What if Trump Played League of Legends

@PatrickYoon
5 min readMar 30, 2020

While this whole social-distancing thing is going on, I was browsing Reddit the other day, and I came across a post that caught my eye. It was a post on r/smashbros about the user training a neural network on Smash Bros professional player, Leffen. Then, the user created a Twitter account for the model, called DeepLeffen, to generate its own random sentences based off Leffen’s comments online. The original training set was all of his tweets and Reddit posts, which ultimately led DeepLeffen to post a narrow range of topics. The user fine-tuned the model by adding 1 million Reddit comments from r/smashbros and r/SmashUltimate to give DeepLeffen more depth. The post can be found here.

DeepLeffen’s Twitter
DeepLeffen’s Twitter

This idea of mixing data sets from two different sources had me thinking. What if we had another famous figure talk about something completely out of their wheelhouse… such as the President of America talking about one of the most played games in the world, League of Legends. Thus, I get straight into programming.

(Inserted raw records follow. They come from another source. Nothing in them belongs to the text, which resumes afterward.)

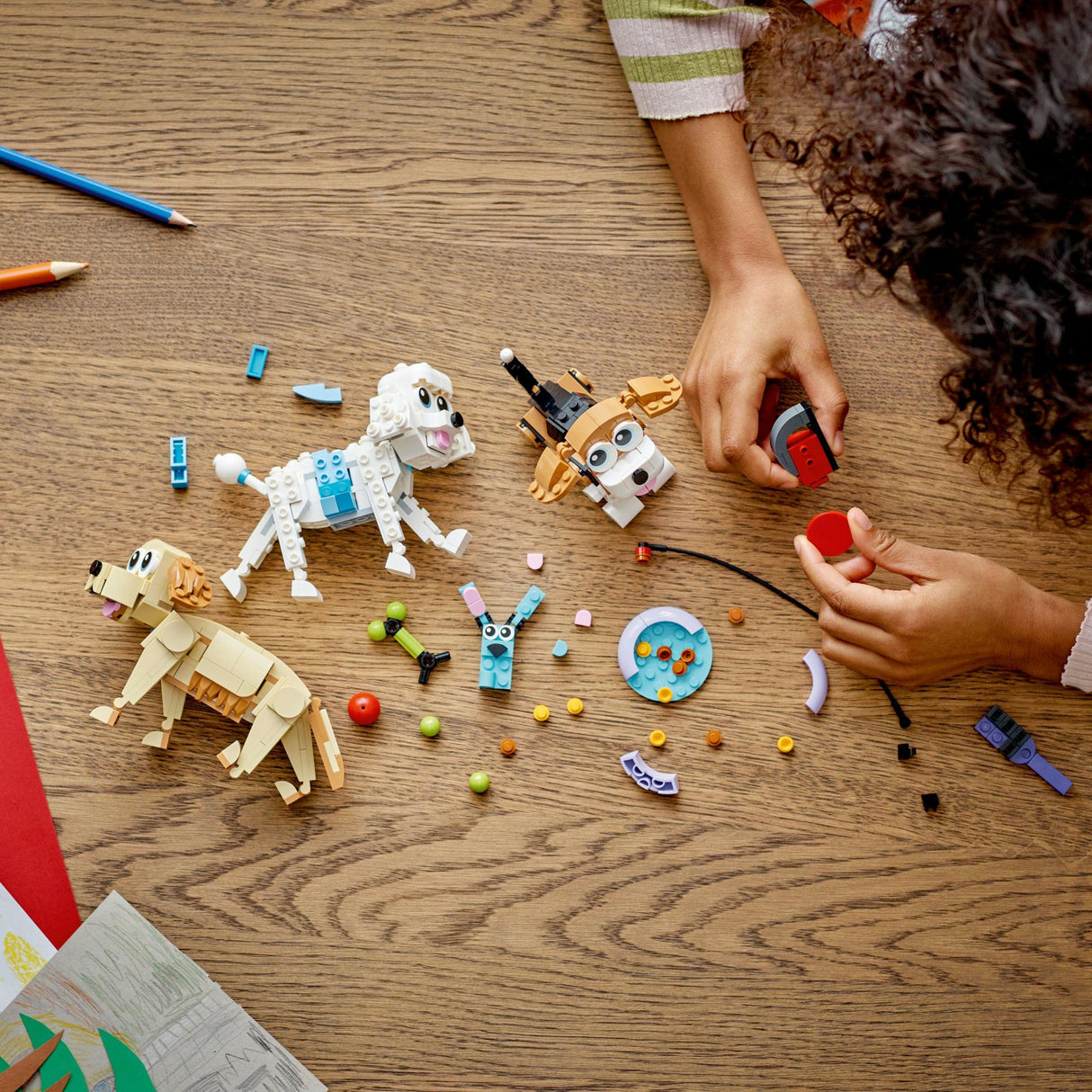 LEGO Creator - Bedårande Hundar (31137)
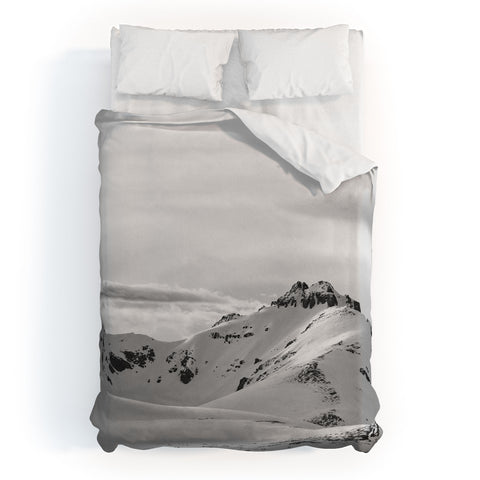 J. Freemond Visuals Citadel Duvet Cover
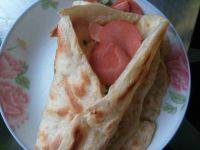自己做的手抓饼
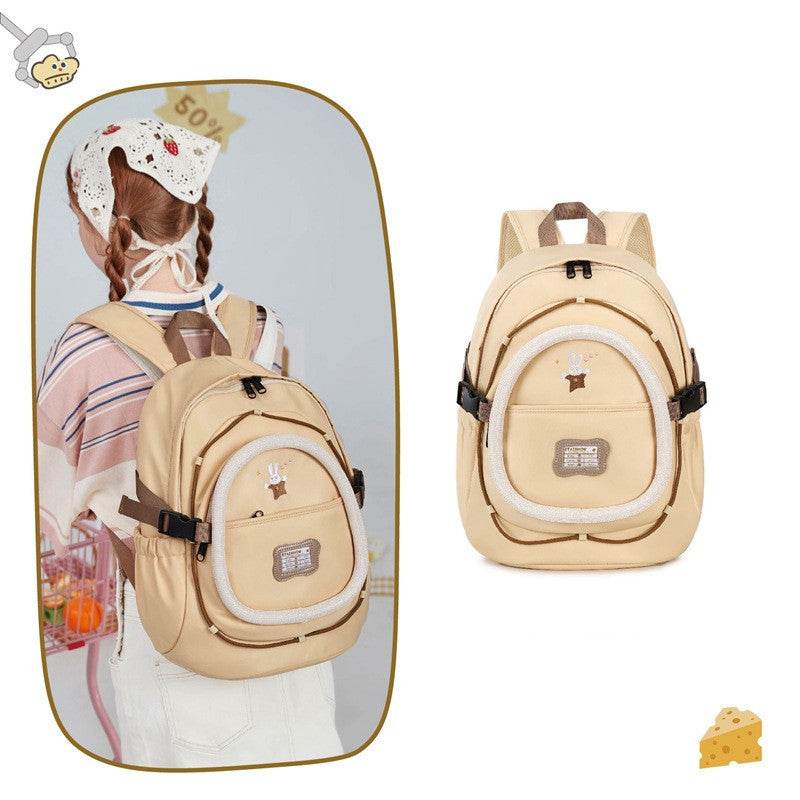 Fashion Class Commuting Cute Backpack Women - Mubimart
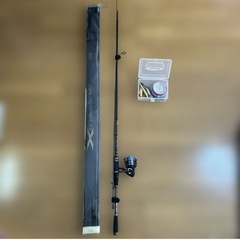 アブガルシア(Abu Garcia) 釣竿セット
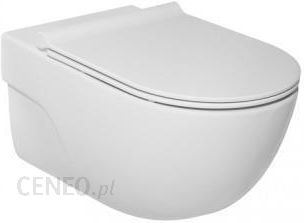Cuvette de WC suspendue Rimless Blanc MERIDIAN- ROCA A34624L000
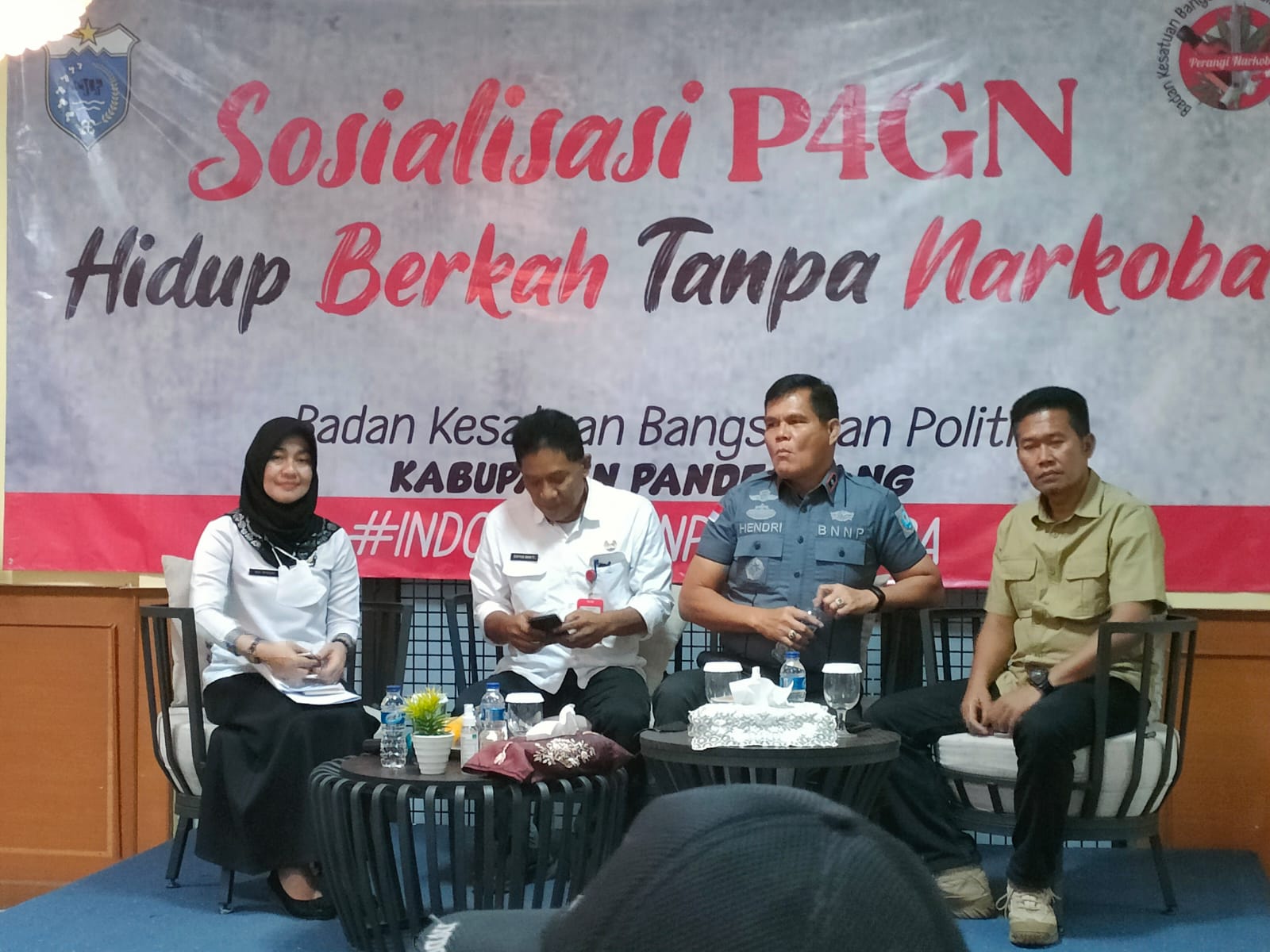 Aktivis Ormas di Pandeglang Diajak Jadi Pahlawan Anti Narkoba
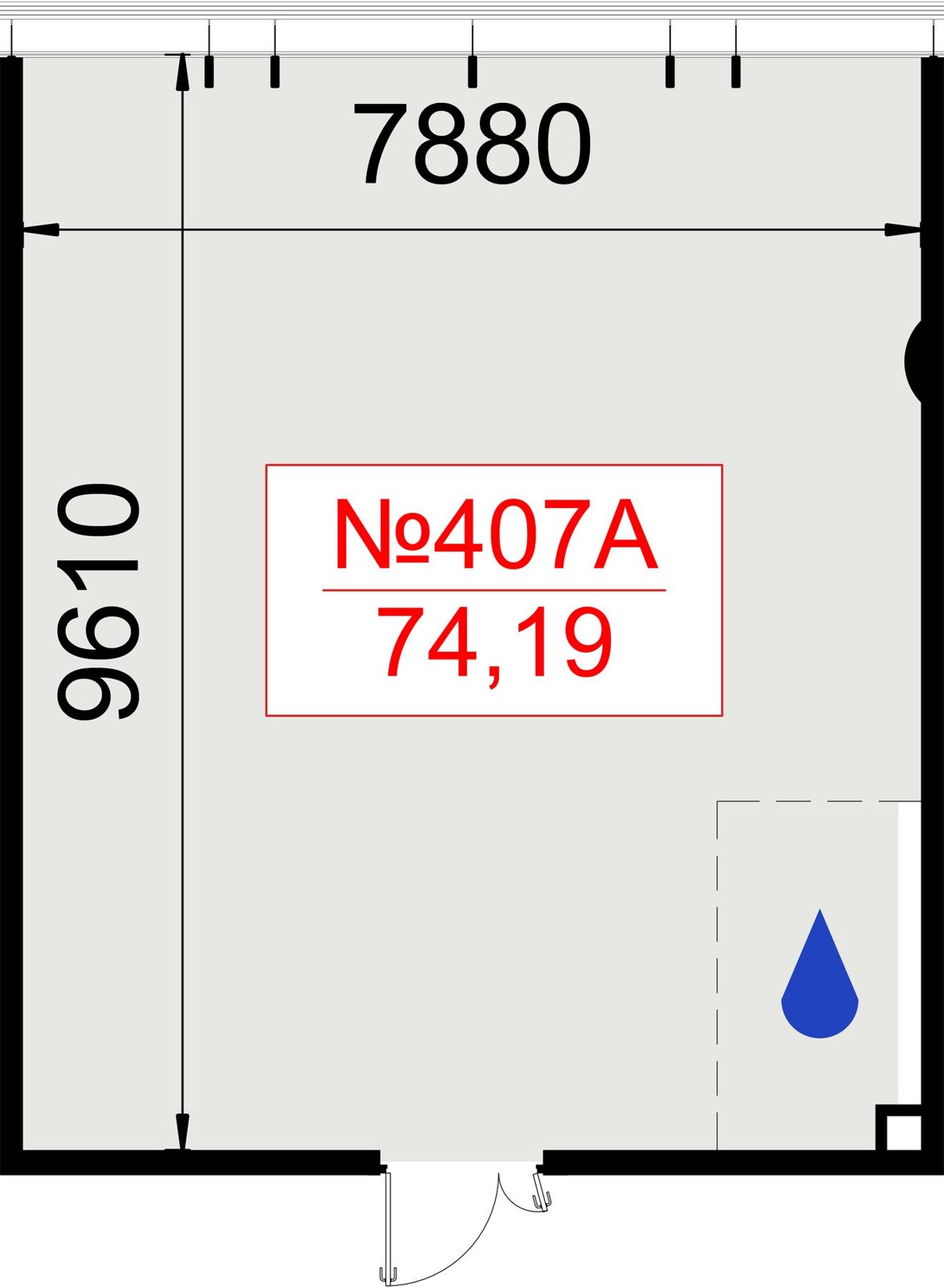Офис, 74,2 м² — фото 2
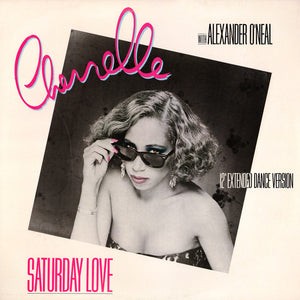 CHERRELLE ALEXANDER ONEAL | SATURDAY LOVE - EXTENDED DANCE VERSION - 12
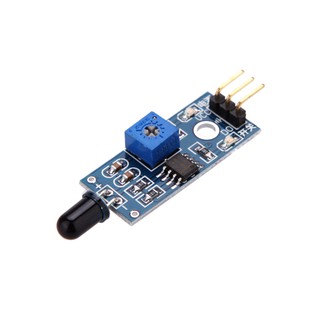 โมดูลตรวจจับเปลวไฟ Flame Detector Sensor Module สำหรับ Arduino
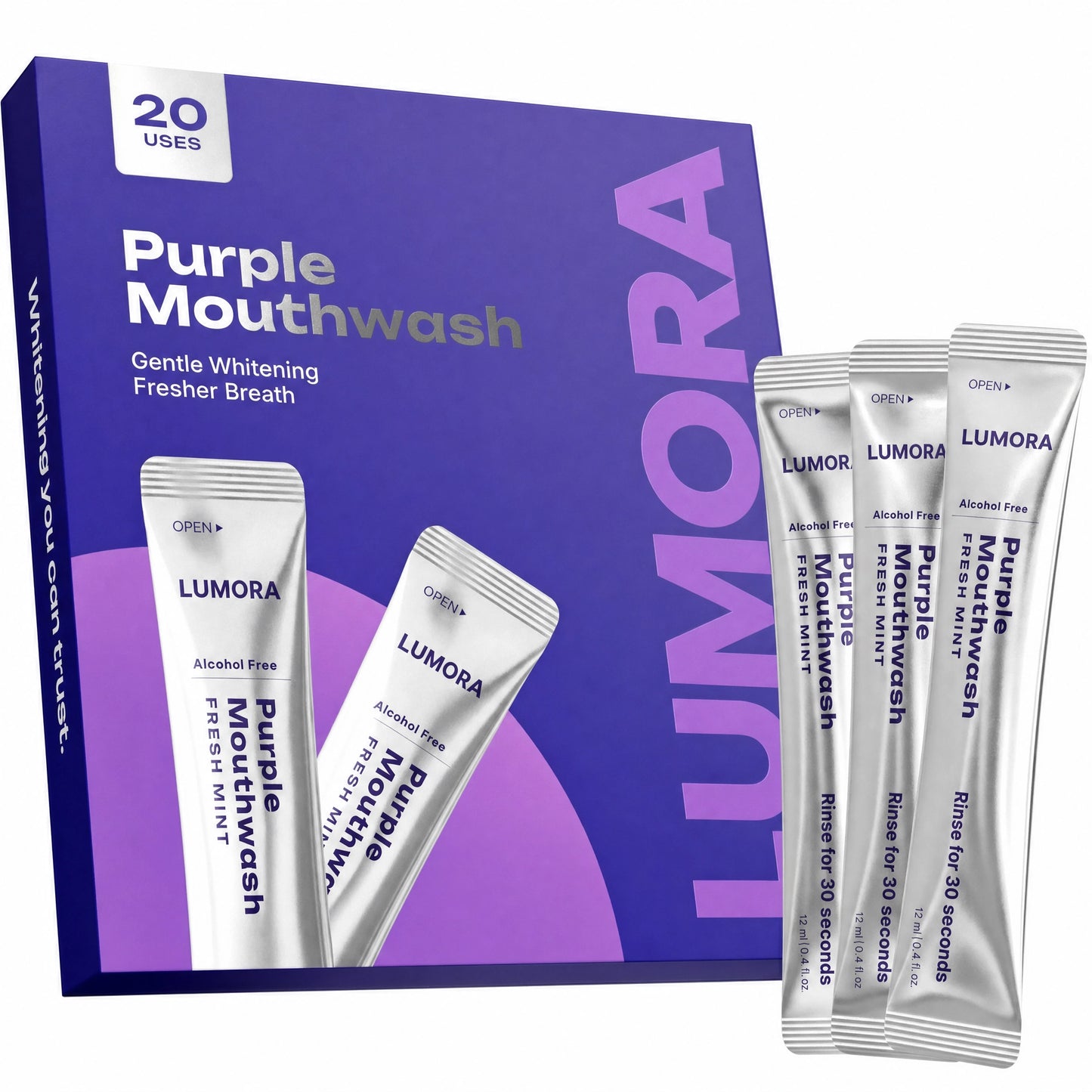 Lumora™ Purple Mouthwash
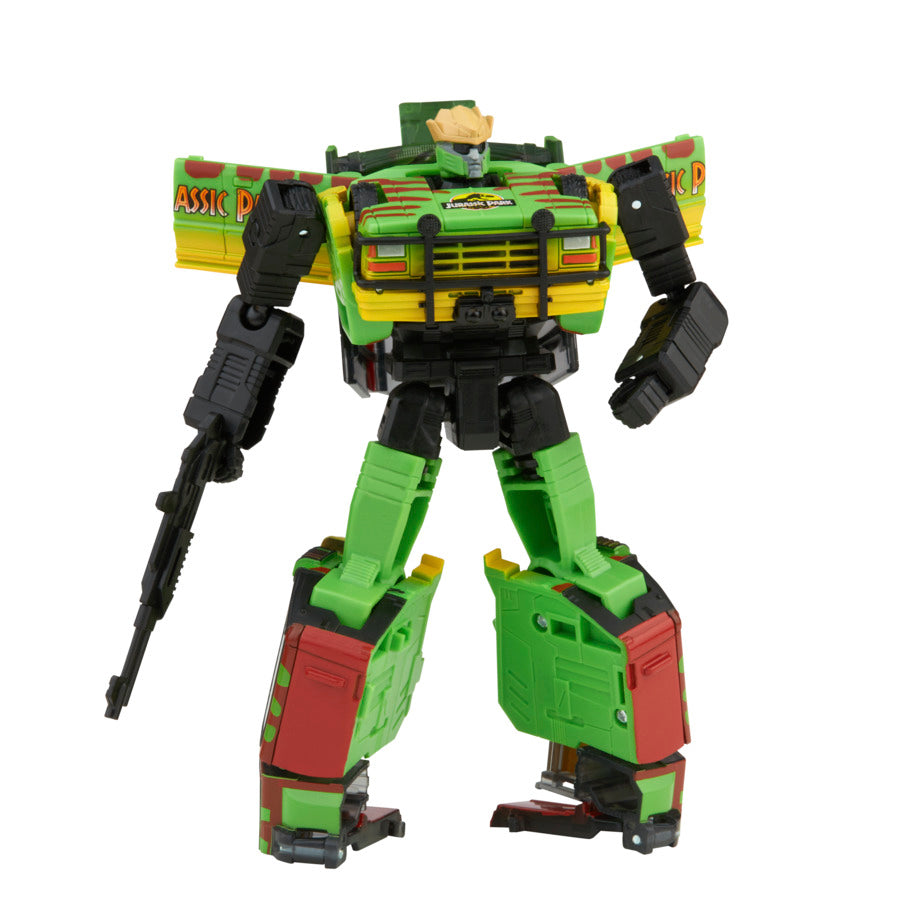 Jurassic Park / Transformers Mash-Up: Tyrannocon Rex and Autobot Action Figures - Toys - New - CaveGamers - Image 5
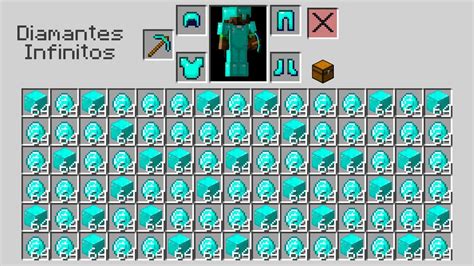 Como Conseguir Diamantes Infinitos En Minecraft 💎😱 Minecraft Aleatorio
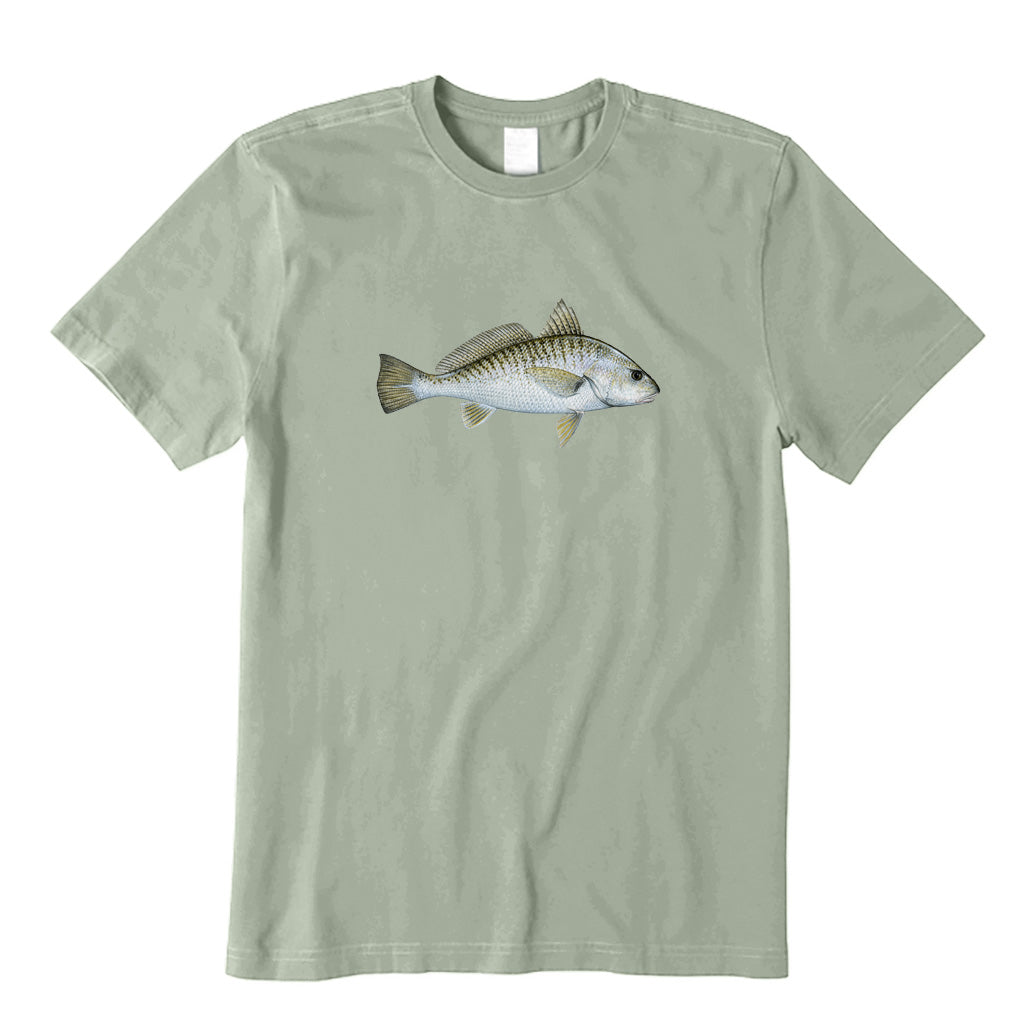 Croaker Fishing T-Shirt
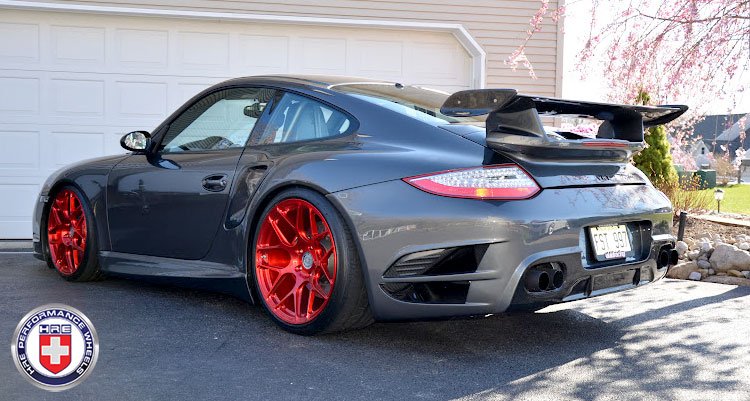 TD_TuningDrive's tweet photo. Porsche 911 997 Turbo Grey HRE P40SC Red Tinted Brushed by HRE Wheels

#TuningDrive #ТюнингДрайв 
www.tuningdrive https://t.co/NNzCQv0BvS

If you’re only curious about what the end outputs are, just scroll all the way to the bottom. I’ll be talking about the programming aspect of it, but it isn’t too crazy long or difficult.

To create my training set, I gathered data from both the League of Legends subreddit and Donald Trump’s tweets. Using the Python Reddit API Wrapper (PRAW), I collected 954 comments from the subreddit.

Here I’m writing every comment I get from the subreddit to a text file.

To get Trump’s tweets, I used Tweepy, a Python wrapper for the Twitter API. Only problem with the API in general is that the max number of tweets it can grab at a time is 200. I searched the entire documentation in hopes for some way to increase the limit, but alas, nothing was found. After a quick Google search, I found that someone must have had the same problem as me because they managed to write a solution. The way they solved this problem is quite creative; they collect the 200 most recent tweets from the user, save the id of the oldest tweet of the 200, and then use the ‘max_id’ argument which makes it such that the newest tweet will be that ID. They continue to grab the next 200 tweets until there are no more tweets.

A while back ago, I found a Python module that basically allows me to build a quick and easy text-generating neural network, textgenrnn. By giving it my data set, it trains the set and generates its own texts. Let’s see what our neural network generates with our data set!

Hm. It’s fine if it doesn’t make sense because it’s the first epoch (basically the number of times the training samples pass through the learning algorithm). However, I had hoped for a bit more League of Legends buzz words. Let’s let it run for a bit.

This is epoch 5

From the looks of it, there’s nothing relating to the game at all. When the creator of DeepLeffen had that problem, he got more training samples from the Smash subreddits. He claimed that the Smash subreddit contributed about 20% to his neural network and Leffen’s tweets contributed the other 80%. When we look at our training set, we have 954 comments from the League of Legends subreddit and 3194 tweets from Trump. The subreddit comments contribute about ~23%, which means the tweets contribute the other ~77%. I believe the difference between our training set and DeepLeffen’s is that between Leffen’s tweets and the Smash subreddit, they still have overlapping themes. Leffen still talks about the game on his Twitter, it’s just he repeats a lot of the same things and bringing in the subreddit comments provide a broader range of topics within the game. However, Trump does not talk about the game whatsoever. This means we need to raise the number of subreddit comments in our training set. To do this, I included comments from other League of Legends subreddits.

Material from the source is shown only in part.